When it comes to football, bigger is usually better. Every team wants the loudest fans, the most seats to a stadium and the most hulking players. However, a small offshoot of the sport looks at it differently — in sprint football, every player on the field must be 172 pounds or less, and the focus is on speed rather than size.
Cornell University hosts one of the country’s eight current sprint football programs. The league will be expanded to nine teams in 2017 with the addition of Caldwell University. The team competes in the Collegiate Sprint Football League and held its first game of the season against United States Naval Academy at 1 p.m. Sept. 17 at Schoellkopf Field. The Big Red ultimately lost to the Midshipmen 40–7. However, Cornell’s defense had some memorable field goals and extra point blocks later in the game. Sophomore center Max Beller said though the team made some mistakes, Cornell can hold its own, skill-wise, against teams as strong as Navy.
“When Navy or Army comes around, you know you have to play at a different level,” he said. “You know what they’re about. They’re not going to make mistakes. … It ratchets up the intensity during the week, because you know they’re going to bring it every time, but it makes it more exciting and more fun.”
While some sprint football programs like those of West Point Army and Navy recruit student-athletes from high school, senior linebacker Christopher D’Ambrosio, one of the team’s five captains, said Cornell doesn’t have a recruiting program. Instead, many players are attracted to the team because of their love for the sport.

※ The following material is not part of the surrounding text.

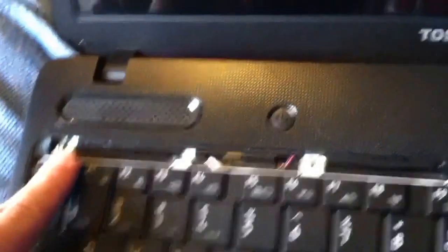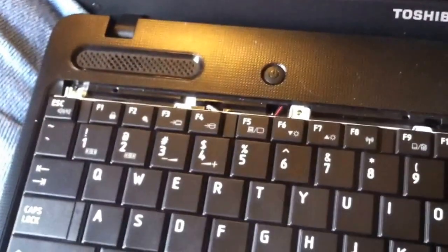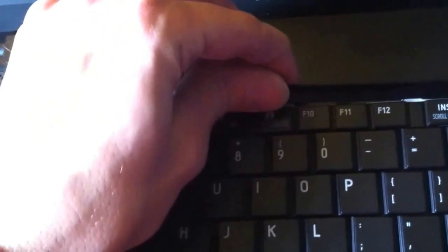Put the ribbon back in, slide the tabs, put it in place, and put your four screws back down. Then put the bezel piece back in. Turn the computer on and you're done. Thanks for watching — subscribe, leave me a comment, and I'll see you next time.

“I wanted to play football when I came to college, but I wasn’t exactly big enough to make it in a big D-1 school,” he said. “The great thing about this sport is that there’s really very few differences between this and regular football, except we have a weight limit.”
D’Ambrosio said the team weighs in twice a week to make sure players are at or under the weight limit 48 hours before a game, and the team works with Cornell’s wrestling coaches and nutritionists for weight-management tips. The goal of the sport, he said, is to equalize the players, giving everyone an opportunity to continue playing the sport regardless of his weight.
“Sprint football is known as football for the common man,” he said. “The weight limit is actually based on the average weight of a college male, so before, it was 150 pounds. It’s increased over the years, so now it’s up to 172.”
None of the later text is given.